Haçlı ordusunun Bizans’a yardım etmek amacıyla Niğbolu Kalesi’ni kuşatması sonucu, İstanbul kuşatması durduruldu. Niğbolu Savaşı’ndan sonra, İstanbul yeniden kuşatıldı. Yıldırım Bayezit, Bizans’a gelebilecek yardımları engellemek için Anadolu Hisarı’nı yaptırdı. Osmanlı ordusundaki toplar, İstanbul surlarını yıkmakta yetersizdi. Ayrıca Anadolu ve Rumeli’deki Osmanlı topraklarında karışıklıklar yaşanıyordu, bu nedenle İstanbul kuşatması sona erdirildi. Bizans, Avrupa devletlerini tekrar kışkırtınca 1400 yılında İstanbul bir kez daha kuşatıldı.
Ancak bu kuşatma, doğudaki Timur tehlikesi nedeniyle kaldırıldı. Yine de, Bizans ile istenilen şartlarda bir antlaşma yapıldı.
Bu antlaşmaya göre:
- İstanbul’da bir Türk mahallesi kurulacak ve bir cami inşa edilecektir.
- İstanbul’a Türklerin davalarına bakması için bir kadı atanacaktır.
- Bizans, Osmanlı Devleti’ne her yıl vergi ödeyecektir.
Niğbolu Savaşı (1396)
Yıldırım Bayezit, 1393’te Bulgar krallığını ortadan kaldırarak Bulgaristan topraklarının büyük bir bölümünü Osmanlı Devleti’ne kattı.
Osmanlı Devleti’nin Balkanlarda ilerlemesi ve İstanbul’u kuşatması üzerine, Papa IX. Bonifas’ın girişimleriyle Macar kralı Sigismund komutasında yeni bir Haçlı ordusu hazırlandı. Haçlılar, Niğbolu Kalesi’ni kuşattılar. Bu sırada İstanbul’u kuşatan Yıldırım Bayezit, durumu öğrenir öğrenmez kuşatmayı kaldırarak hızla Niğbolu’ya doğru hareket etti. 1396 yılında yapılan savaşta Osmanlı ordusu Haçlıları büyük bir yenilgiye uğrattı.

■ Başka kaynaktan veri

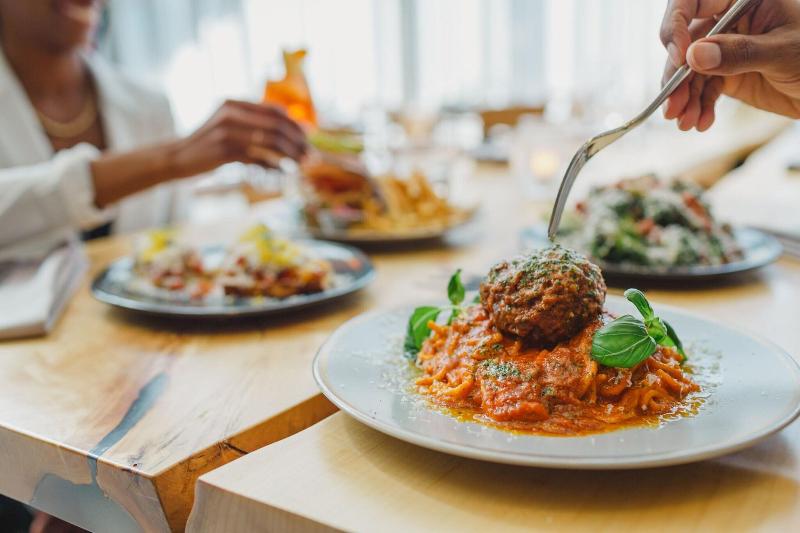 فندق Jw Marriott Edmonton Ice District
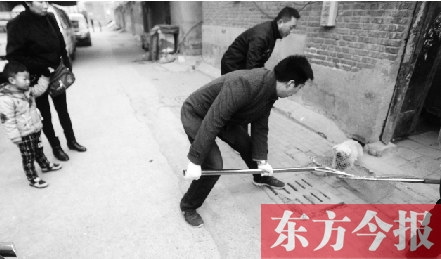 12月3日，鄭州市隴海路。執(zhí)法人員對一只“辦了證卻不系繩”的狗進(jìn)行捕捉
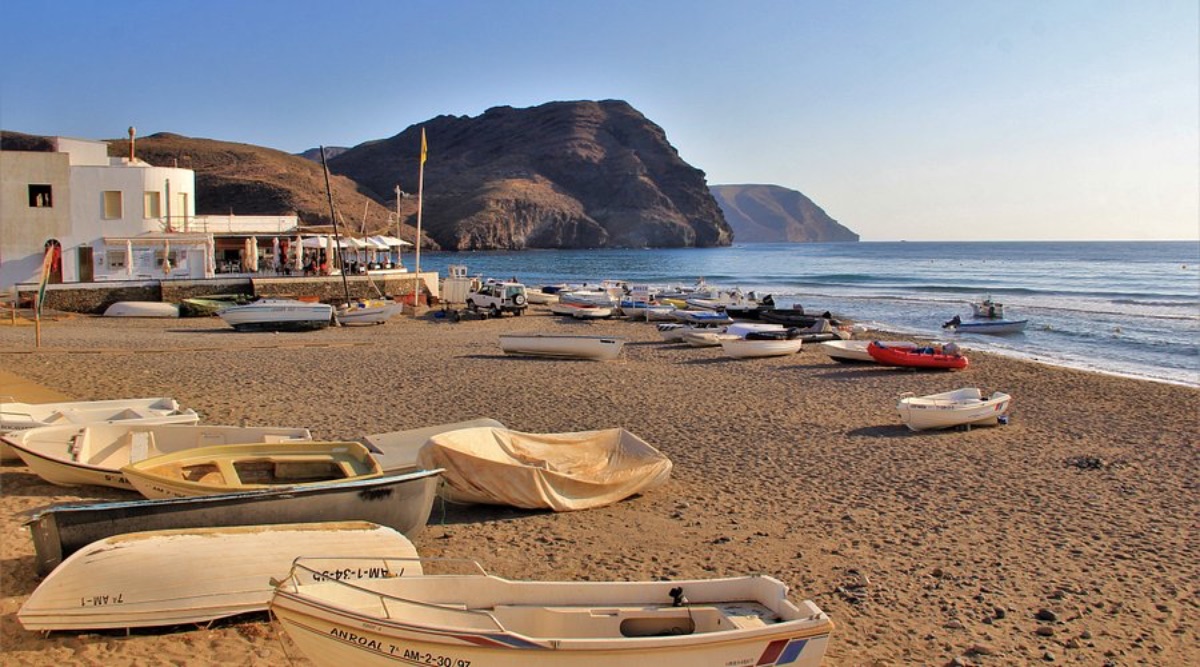 Un rincón andaluz: una playa de aguas turquesas en un pueblo costero de Almería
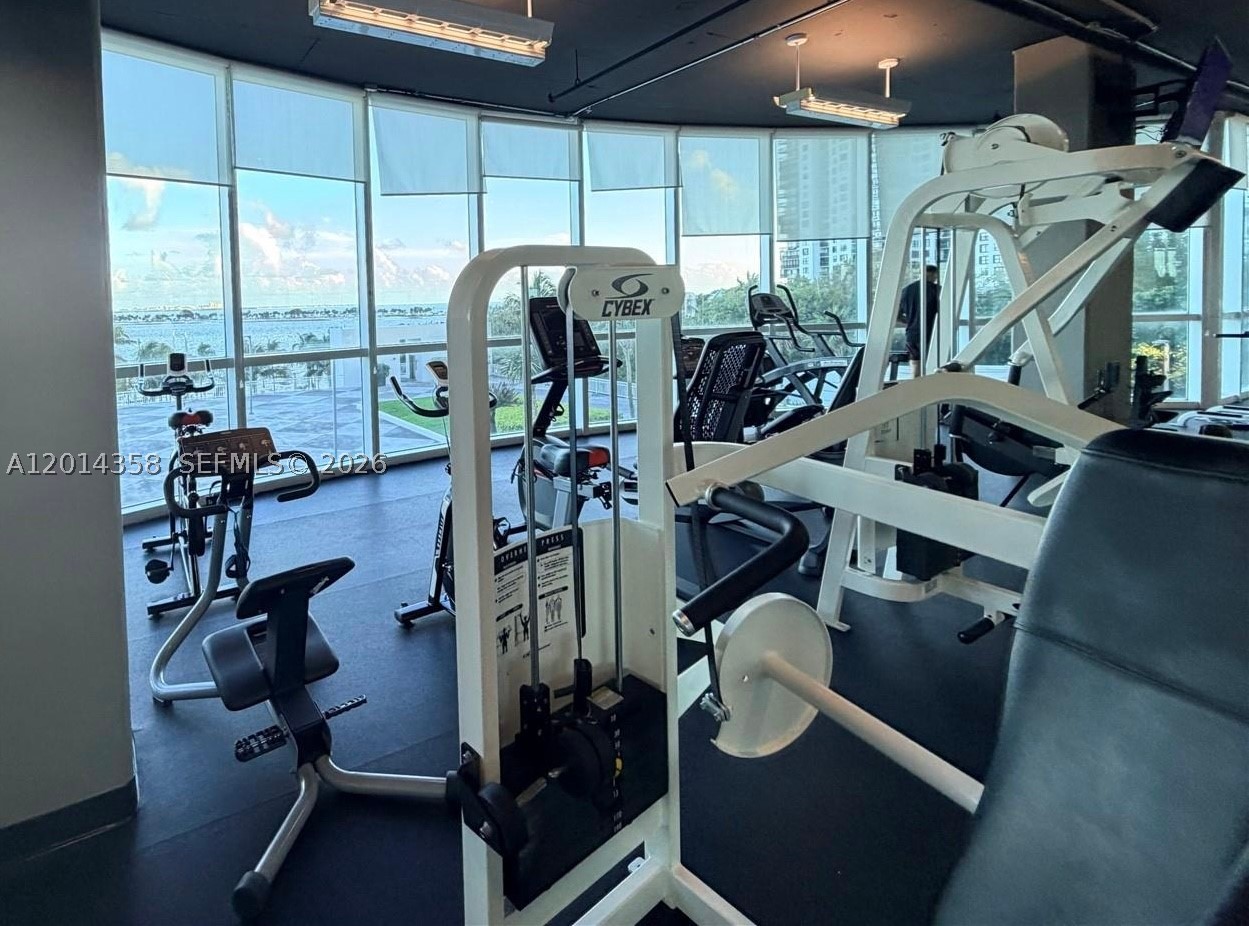 2101 Brickell Ave #1808, Miami FL 33129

Niğbolu Zaferi’nin sonuçları:
- Haçlılar’ın Niğbolu Savaşı’nı kaybetmeleri üzerine Halife, Yıldırım Bayezit’e Sultanı İklimi Rum (Anadolu’nun Sultanı) unvanını verdi. Böylece Osmanlı Devleti’nin İslam dünyasındaki etkinliği ve saygınlığı artmakla birlikte, Türk Beylikleri üzerindeki etkinliği artırarak Anadolu Türk siyasi birliğini sağlamak kolaylaştı.
- Osmanlı Devleti’nin Avrupa üzerindeki baskısı güçlendi.
- Macarlar, Avrupa’da Osmanlı aleyhine en büyük güçlerden biri olarak etkisiz hale geldi.
- Eflâk ve Boğdan, Osmanlı üstünlüğünü kabul etti. Bulgar krallığı tamamen sona erdi.
- Balkanlarda güvenliği sağlayan Yıldırım Bayezit, Türk birliğini sağlamak için Anadolu’ya yöneldi.